*What you are asked to do*:
Exact copy, no pictures: output each line below as it stands.

*Recorded information*:
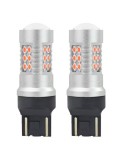 Set 2 becuri Led Auto Rosu T20 W21/5W Canbus cu 24SMD dubla intensitate 12-24V Rosu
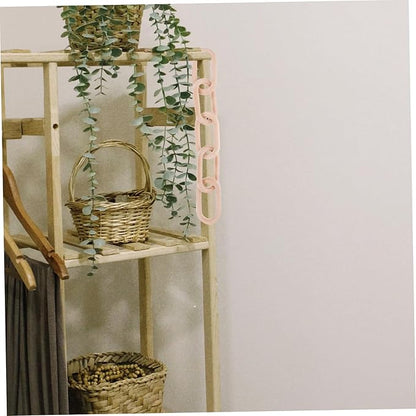 DOITOOL Rustic Link Chain Decor Wall Table Ornament Minimalist Home Accent for Living Room Birthdays Housewarming Natural Wood Sculptures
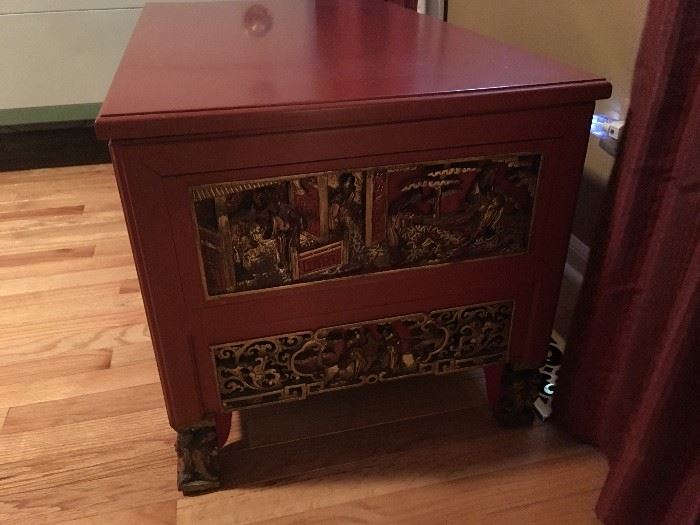 Side view of cedar chest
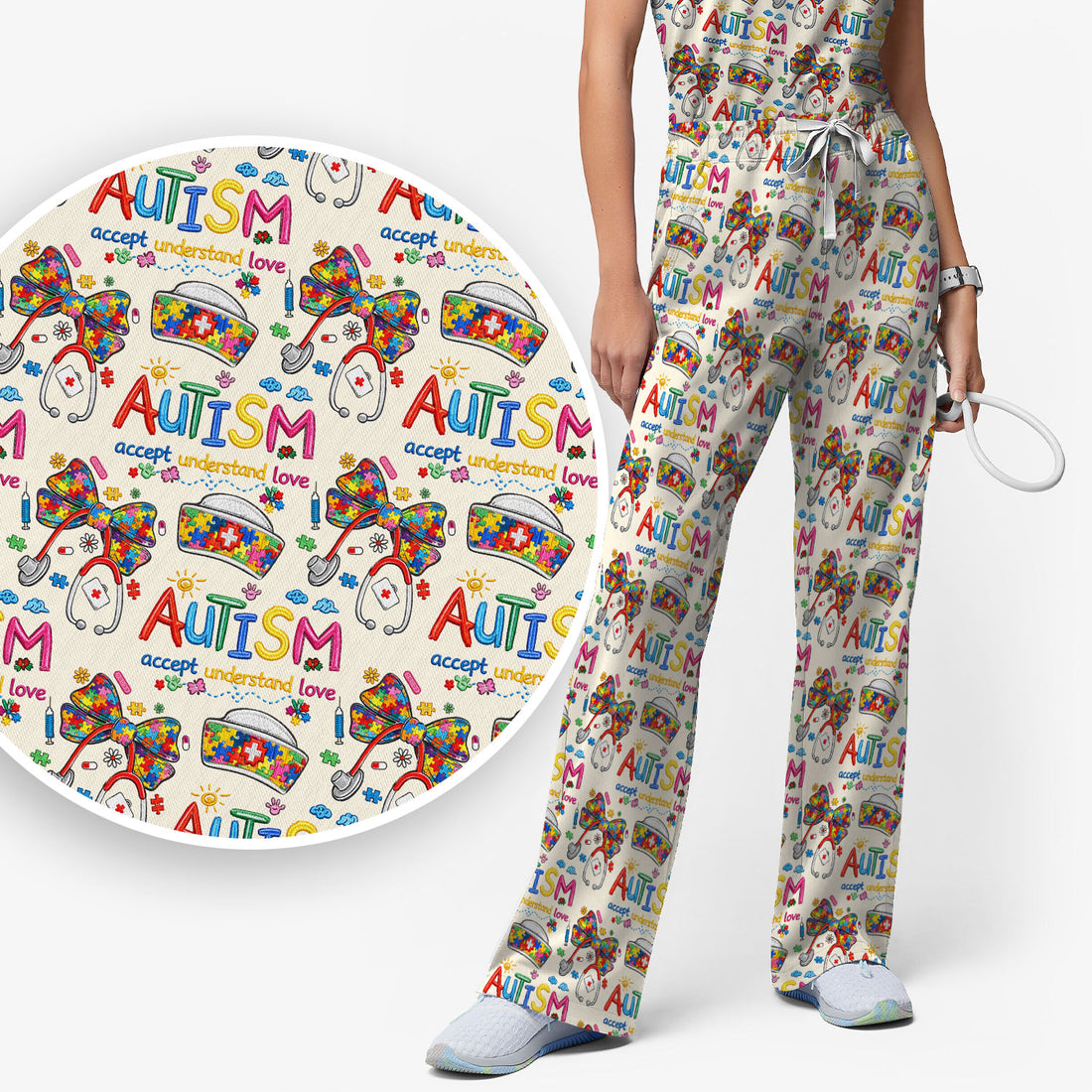Autism Awareness Pattern Nurse Scrub Set, Accept Understand Love Puzzle Nurses Shirt, Breathable Fabrics Nursing Uniform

*Problem solution*:
 Set 2 becuri Led Auto Rosu T20 W21/5W Canbus cu 24SMD dubla intensitate 12-24V Rosu
 DOITOOL Rustic Link Chain Decor Wall Table Ornament Minimalist Home Accent for Living Room Birthdays Housewarming Natural Wood Sculptures
 Side view of cedar chest
Autism Awareness Pattern Nurse Scrub Set, Accept Understand Love Puzzle Nurses Shirt, Breathable Fabrics Nursing Uniform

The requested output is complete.